Start of Source records

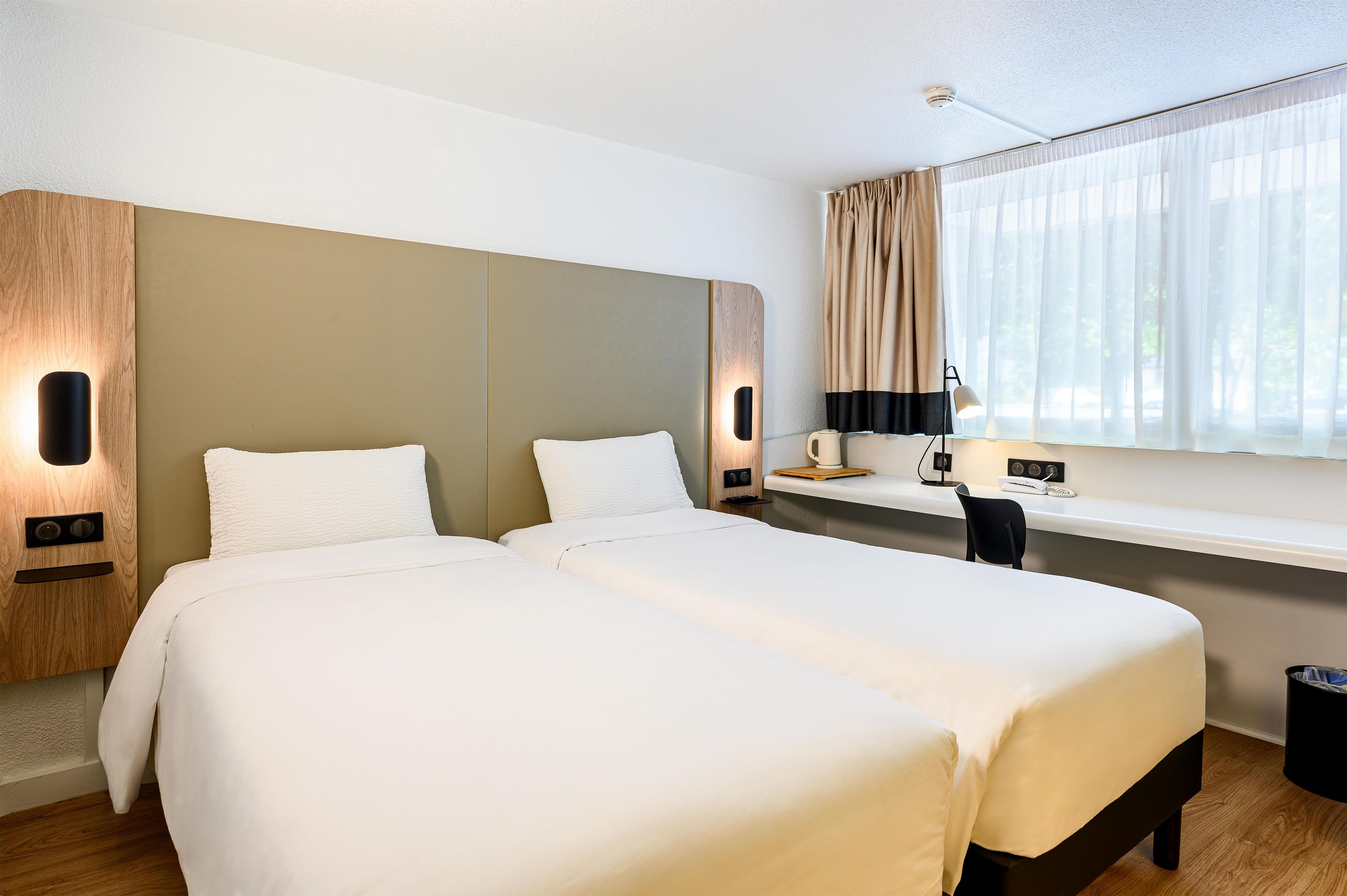 A hotel room with two beds, a desk, a chair, a lamp, and a window with curtains.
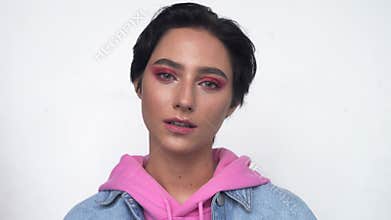 Cool gen z teen girl looking at camera on blue background. Portrait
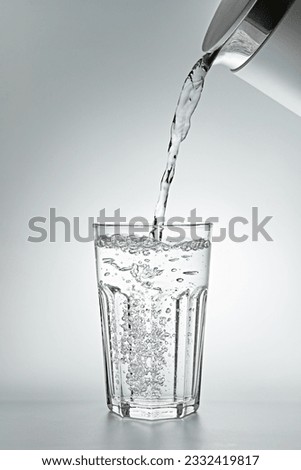 Pouring water into a glass on grey background, close-up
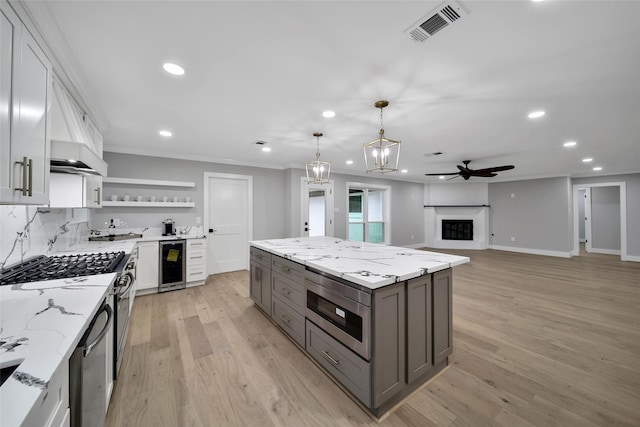 1122 Lehman St, Houston, TX 77018 - kitchen featuring wine cooler, gray cabinetry, open shelves, recessed lighting, and light wood-style flooring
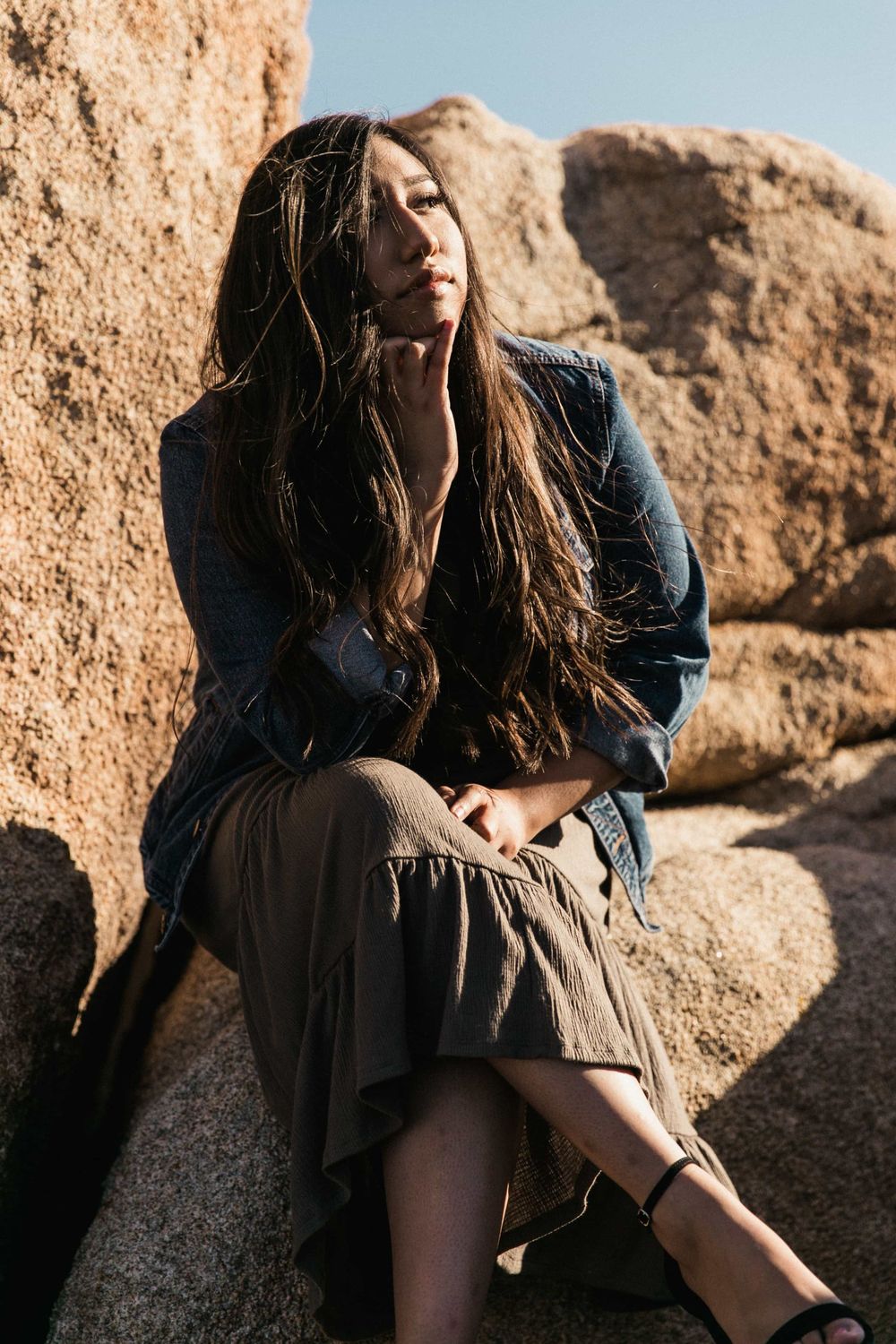 Young woman in denim jacket and olive skirt sitting on rocks in a sunny desert setting.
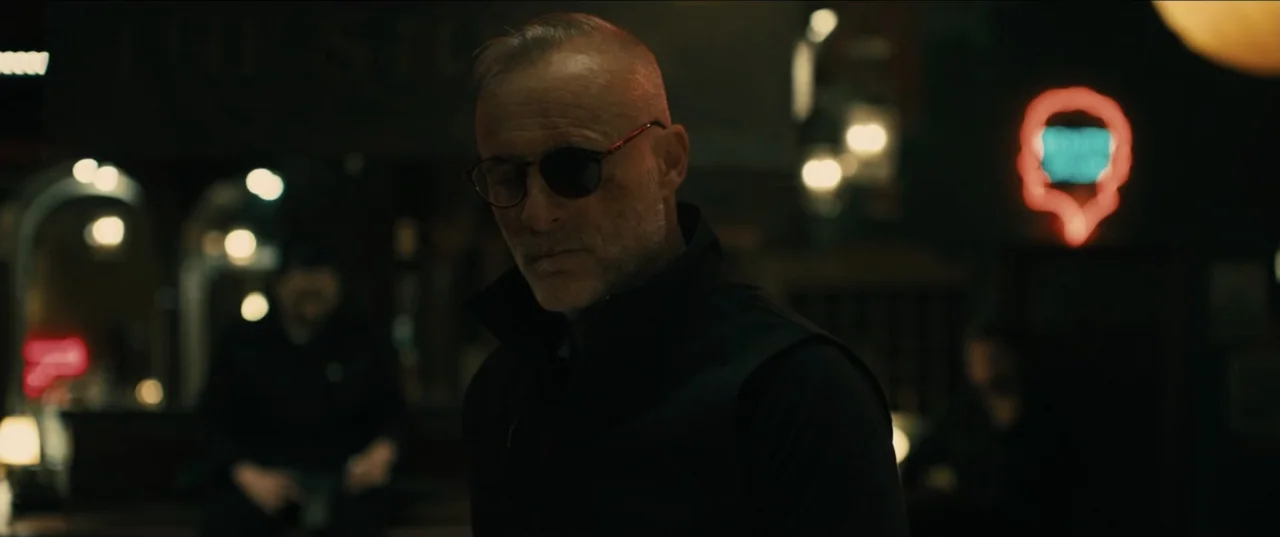 Guns Up (2025) movie still: medium — A dark, dimly lit bar environment with blurred neon signage and indistinct background figures. An older man in…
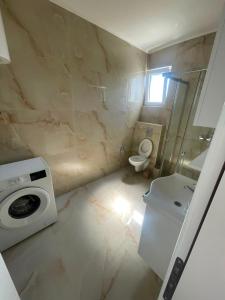 a bathroom with a washing machine and a toilet at Rujovic 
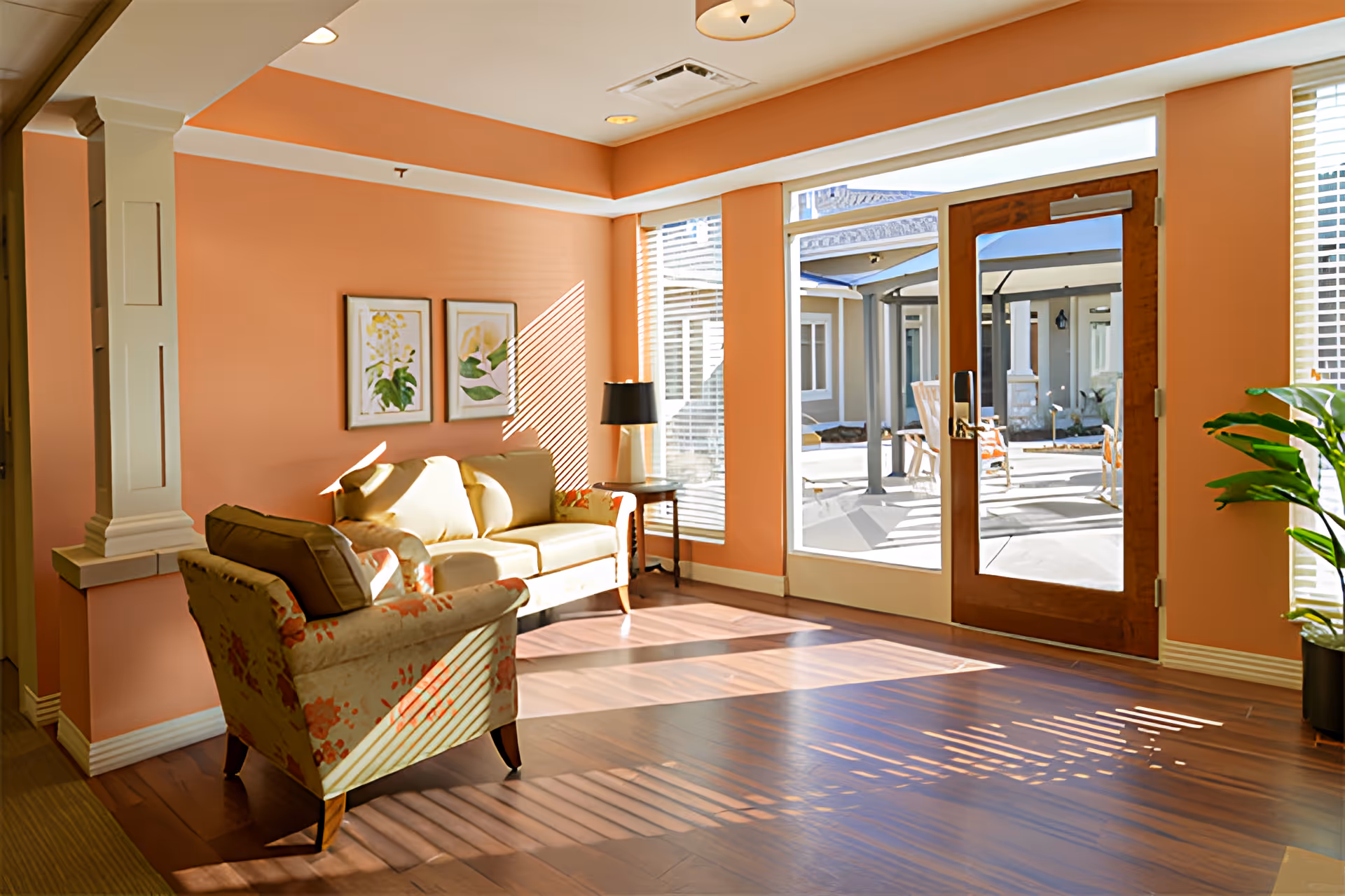 Sunlit seating area with a sofa and armchair on wood floors and a glass door opening to an outdoor courtyard.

End of Source records

Would you copy, word for word, only the lines above from the one containing "Cool gen z teen" through the one containing "1122 Lehman St, Houston, TX", both included, and please leave out the pictures?

Solution for this task>
 Cool gen z teen girl looking at camera on blue background. Portrait
 Pouring water into a glass on grey background, close-up
 1122 Lehman St, Houston, TX 77018 - kitchen featuring wine cooler, gray cabinetry, open shelves, recessed lighting, and light wood-style flooring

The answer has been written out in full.